Утопающий, как говорится, хватается за соломинку, Люда согласилась.

Я, одев халат и взяв фонендоскоп, зашел в перевязочную. Лишь только глянул на выбухающие межреберные промежутки слева, все стало ясно.

Но все же проверил себя, выслушав и проперкутировав легкие.

Сомнений не было у больного напряженный пневмоторакс. Как он его заработал, было не очень понятно, синяков и прочих следов травм я не обнаружил.

На всякий случай спросил, работает ли рентген, но получил ответ, что уже полгода, как тот сломался, а денег на ремонт нет.

– Люда, у вас хотя бы аппарат Боброва есть? – спросил я.

– Где-то был – ответила Люда, – А зачем он тебе?

– Увидишь, – сообщил я.

Несколько минут Люда с санитаркой лазили по шкафам, но все же отыскали аппарат, представляющий собой банку с крышкой.

Я вел себя так уверенно, что Люда выполняла мои распоряжения безропотно.

Заменив клапан в банке на новый, вырезанный из резиновой перчатки, я взял стерильную резиновую трубку и троакар с канюлей.

Под невинным предлогом попросил Люду куда-нибудь отослать санитарку. После всех приготовлений Люда все еще не понимала, что я хочу делать. Но когда она увидела, что я заставил больного сесть и вогнал ему в бок толстую иглу, подсоединенную к трубке, то невольно охнула.

Сразу после этого в банке, наполненной водой до половины, в такт дыханию появились обильные пузыри воздуха. Через минуту больной порозовел, а еще через несколько блаженно растянулся на кушетке.

– Кайф! – выдохнул он. – Ни х… не болит.

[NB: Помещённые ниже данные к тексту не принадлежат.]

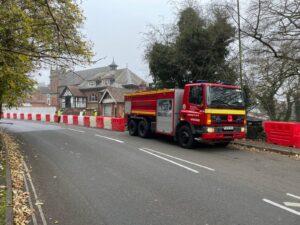 A Derbyshire Fire & Rescue Service tender parked outside Ashbourne Methodist Church, as they fill barriers with water as part of a training exercise.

Зае…ь, Спасибо доктор. – он с чувством поблагодарил меня после чего почти сразу заснул.

Еще бы, чего не заснуть после анальгетиков и двух кубиков промедола. Везет нынешним медикам, можно спокойно делать наркотики больным, без риска загреметь лет на двадцать в лагеря.

– Ну, как-то так, сказал я скромно. – Принимайте работу. Напряженный пневмоторакс купирован. Можно больного принимать в хирургическое отделение, когда хирурга найдут, пусть думает, что с ним дальше делать.